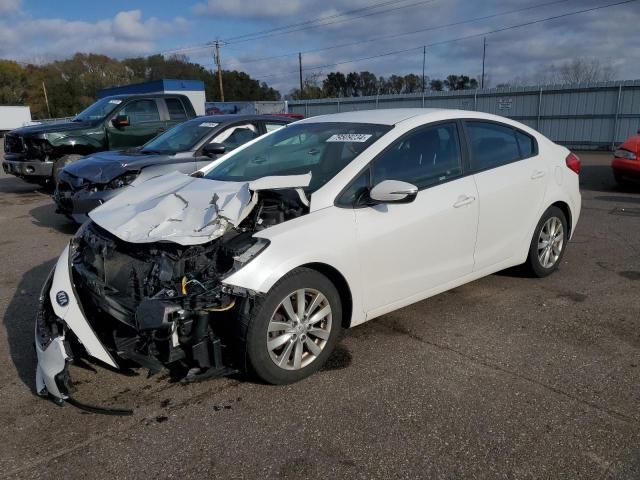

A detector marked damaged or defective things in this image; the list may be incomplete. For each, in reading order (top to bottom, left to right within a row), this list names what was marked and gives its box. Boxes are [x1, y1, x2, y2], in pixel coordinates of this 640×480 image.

broken headlight [107, 171, 139, 189]
damaged white sedan [37, 110, 584, 410]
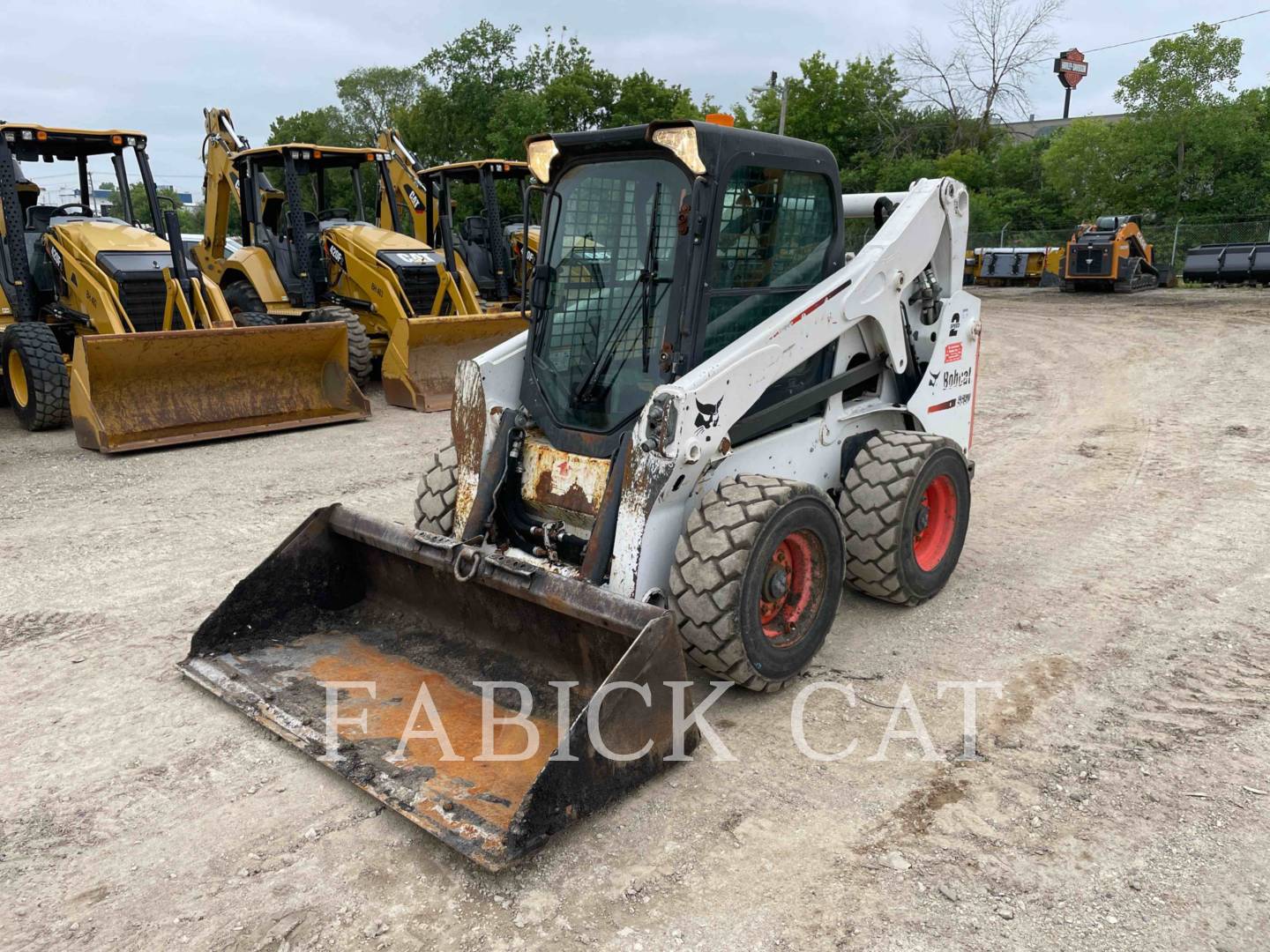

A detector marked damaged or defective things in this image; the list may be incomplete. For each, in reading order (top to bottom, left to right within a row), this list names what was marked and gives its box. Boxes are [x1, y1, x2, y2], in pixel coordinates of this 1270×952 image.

rust stain on metal [307, 636, 556, 832]
rusty bucket [179, 508, 696, 873]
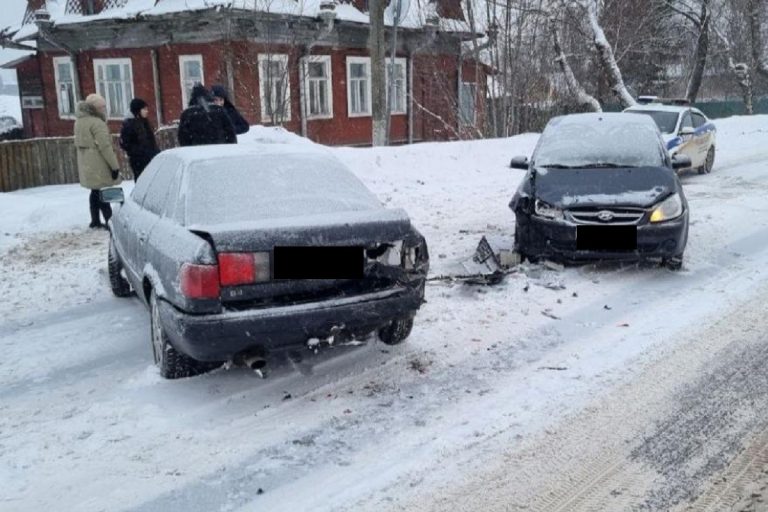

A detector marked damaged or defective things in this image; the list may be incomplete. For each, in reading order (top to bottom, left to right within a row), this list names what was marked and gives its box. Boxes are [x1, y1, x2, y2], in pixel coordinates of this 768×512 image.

damaged black car [103, 143, 426, 376]
damaged black car [510, 113, 688, 270]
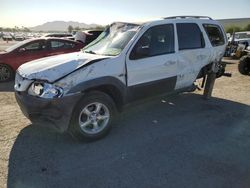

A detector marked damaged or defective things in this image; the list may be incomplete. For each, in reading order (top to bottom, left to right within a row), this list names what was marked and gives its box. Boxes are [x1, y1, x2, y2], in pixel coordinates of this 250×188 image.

broken headlight [28, 81, 63, 98]
crumpled hood [17, 52, 107, 83]
damaged white suv [14, 15, 228, 140]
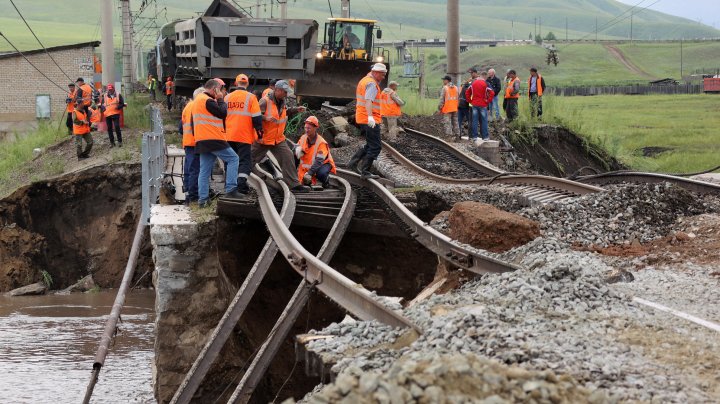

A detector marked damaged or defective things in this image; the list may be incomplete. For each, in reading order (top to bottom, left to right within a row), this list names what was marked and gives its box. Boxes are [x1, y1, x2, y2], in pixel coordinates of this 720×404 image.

bent railway track [338, 169, 524, 276]
bent railway track [380, 128, 604, 204]
bent railway track [576, 170, 720, 196]
bent railway track [172, 174, 416, 404]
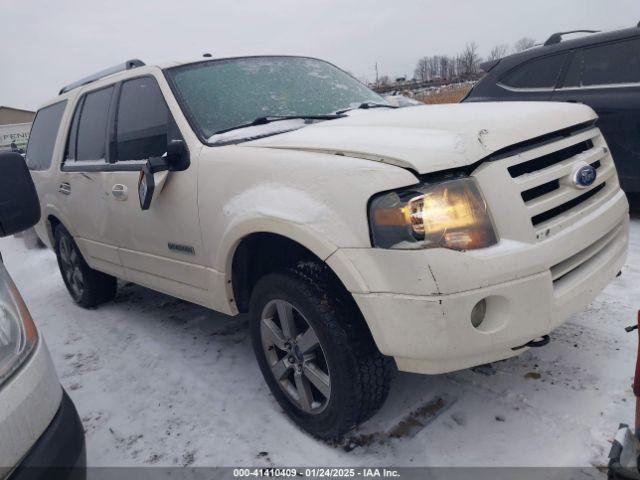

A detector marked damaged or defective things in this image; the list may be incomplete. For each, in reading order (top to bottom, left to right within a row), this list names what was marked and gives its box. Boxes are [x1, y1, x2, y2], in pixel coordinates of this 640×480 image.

cracked headlight [368, 177, 498, 251]
cracked headlight [0, 260, 37, 384]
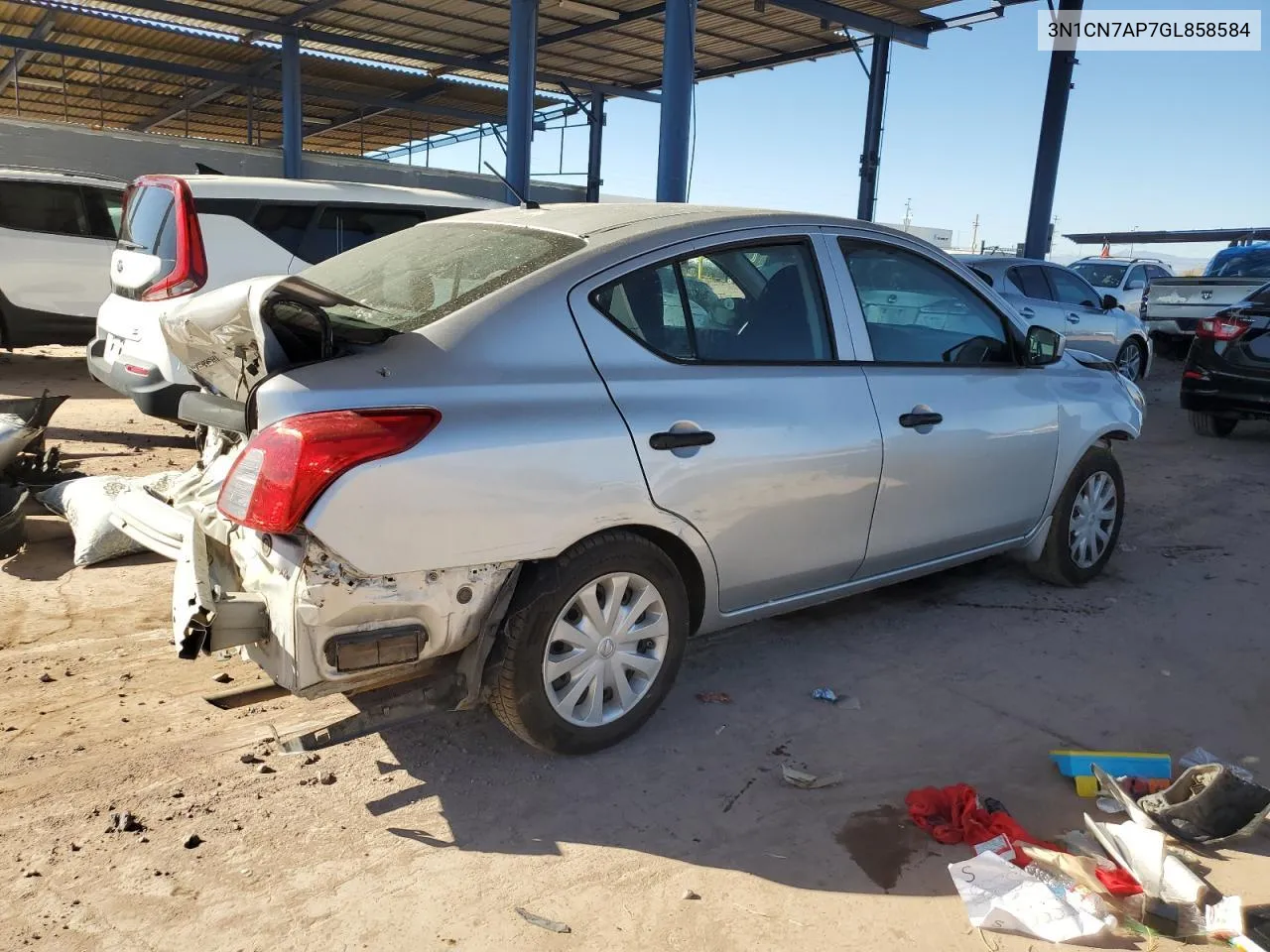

------------------------------------

→ **Brief**
All lines from the one containing "this 720×404 image." through the final line of the entries above must be restated word for word, pictures excluded.

→ **Answer section**
A detector marked damaged or defective things in this image; the list may be incomplete. For each, in reading order (top to bottom, left to right within a row), this list names what was marked and gives its box. Boxes are [x1, y1, x2, y2], in pixel coordinates of this 720×404 image.

bent railway track [338, 169, 524, 276]
bent railway track [380, 128, 604, 204]
bent railway track [576, 170, 720, 196]
bent railway track [172, 174, 416, 404]

A detector marked damaged or defective things in this image; the list may be incomplete. For each, in reading order (top to bottom, left to right within a row), this list names what was marked and gives its box. Boxes are [x1, y1, x2, y2], in pixel coordinates of this 640×480 image.

cracked headlight [368, 177, 498, 251]
cracked headlight [0, 260, 37, 384]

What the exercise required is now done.